= Islamic Jihad for the Liberation of Palestine =

Islamic Jihad for the Liberation of Palestine (IJLP) was a Lebanese Shia group that claimed credit for the January 24, 1987 abduction of three American and one Indian professors – Alann Steen, Jesse Turner, Robert Polhill, Mithaleshwar Singh – from Beirut University College in West Beirut. They were eventually released.

==Kidnapping of american catedratics==
On January 24, 1987, the Alann Steen, Jesse Turner, Robert Polhill, Mithal Eshwar Singh was kidnapped by unknown militants dressed as lebanese police, later identified as Islamic Jihad for the Liberation of Palestine The abducted were staff of the university, who stopped living in the campus apartments for security reasons, but were stalked by their captors.
The JILP militiamen demanded the release of 100 Arab prisoners in Israel in exchange for the release of the professors, to which Israeli authorities refused to accept the exchange.

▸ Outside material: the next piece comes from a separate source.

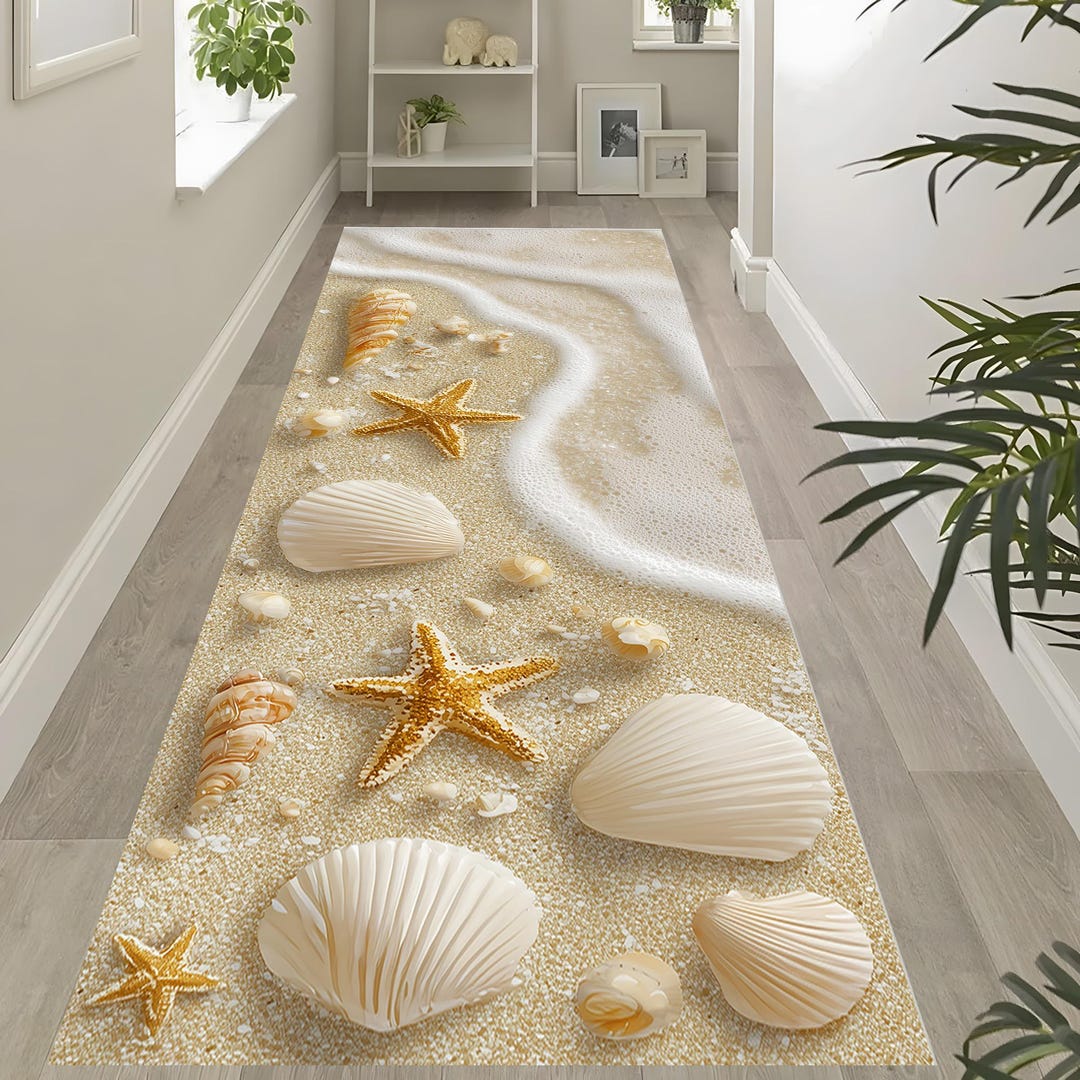 Sea Shell Patern Rug Beach Seashell Rug: Golden Starfish Carpet, Sand Wave Design, Coastal ...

During the first weeks of the kidnapping, Professor Alann Steen began to have complications in his health, with some of the kidnapped people reporting that his state of health was deplorable. After a few weeks, the professor began to improve his health, thanking his captors for their care in the tapes published by the terrorists.

===Release of the hostages===
It wasn't until October 4, 1988, when Mithileshwar Singh is released after ten months of captivity, handed over to Syrian authorities who handed over members of the US forces. US authorities stressed that Singh's release occurred without the need for agreements or negotiations with the kidnappers.

It was not until April 23, 1990, when Robert Polhill was finally released after 39 months of captivity. Polhill would end up passing away at the age of 65 at Georgetown University Teaching Hospital on July 3, 1999, due to complications with cancer.

Months later, on October 21, 1991, the YILP released Jesse Turner after holding him for nearly four years. Six days later, Turner return to the United States. Weeks later, on December 3, the last American hostage Alann Steen was released, officially the penultimate American hostage on Lebanese soil.